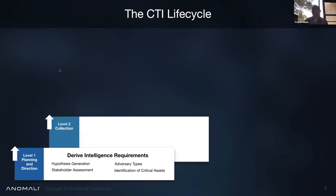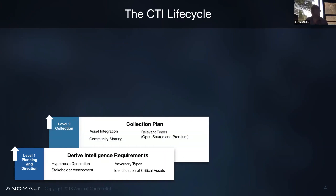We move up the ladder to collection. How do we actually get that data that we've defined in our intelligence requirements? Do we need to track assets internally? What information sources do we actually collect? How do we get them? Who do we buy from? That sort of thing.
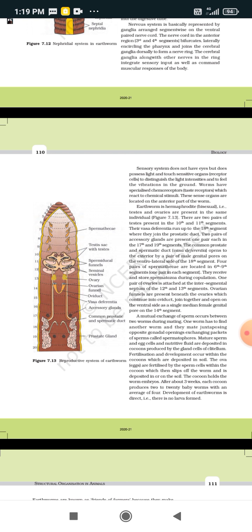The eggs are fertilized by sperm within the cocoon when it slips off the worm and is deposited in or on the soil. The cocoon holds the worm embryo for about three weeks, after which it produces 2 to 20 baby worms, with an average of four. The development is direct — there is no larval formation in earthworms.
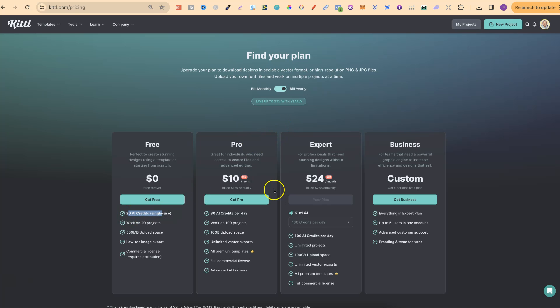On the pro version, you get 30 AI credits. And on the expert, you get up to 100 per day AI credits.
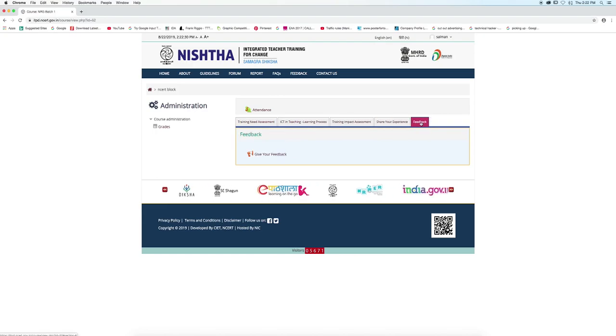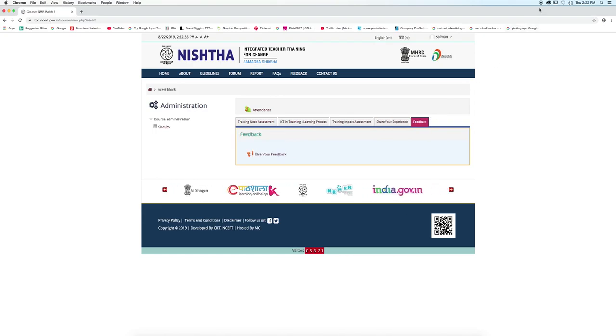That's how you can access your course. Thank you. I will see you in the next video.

_ _ _ _

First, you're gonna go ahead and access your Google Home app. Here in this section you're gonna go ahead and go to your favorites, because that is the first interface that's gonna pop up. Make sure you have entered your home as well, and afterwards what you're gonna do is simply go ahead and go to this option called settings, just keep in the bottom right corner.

_ _ _ _

(Work to be completed):
Only the lines starting at the one that includes "The eggs are" and ending at the one that includes "That's how you" should be retyped, exactly, from the records above; no pictures.

(Solution for this exercise):
The eggs are fertilized by sperm within the cocoon when it slips off the worm and is deposited in or on the soil. The cocoon holds the worm embryo for about three weeks, after which it produces 2 to 20 baby worms, with an average of four. The development is direct — there is no larval formation in earthworms.
On the pro version, you get 30 AI credits. And on the expert, you get up to 100 per day AI credits.
That's how you can access your course. Thank you. I will see you in the next video.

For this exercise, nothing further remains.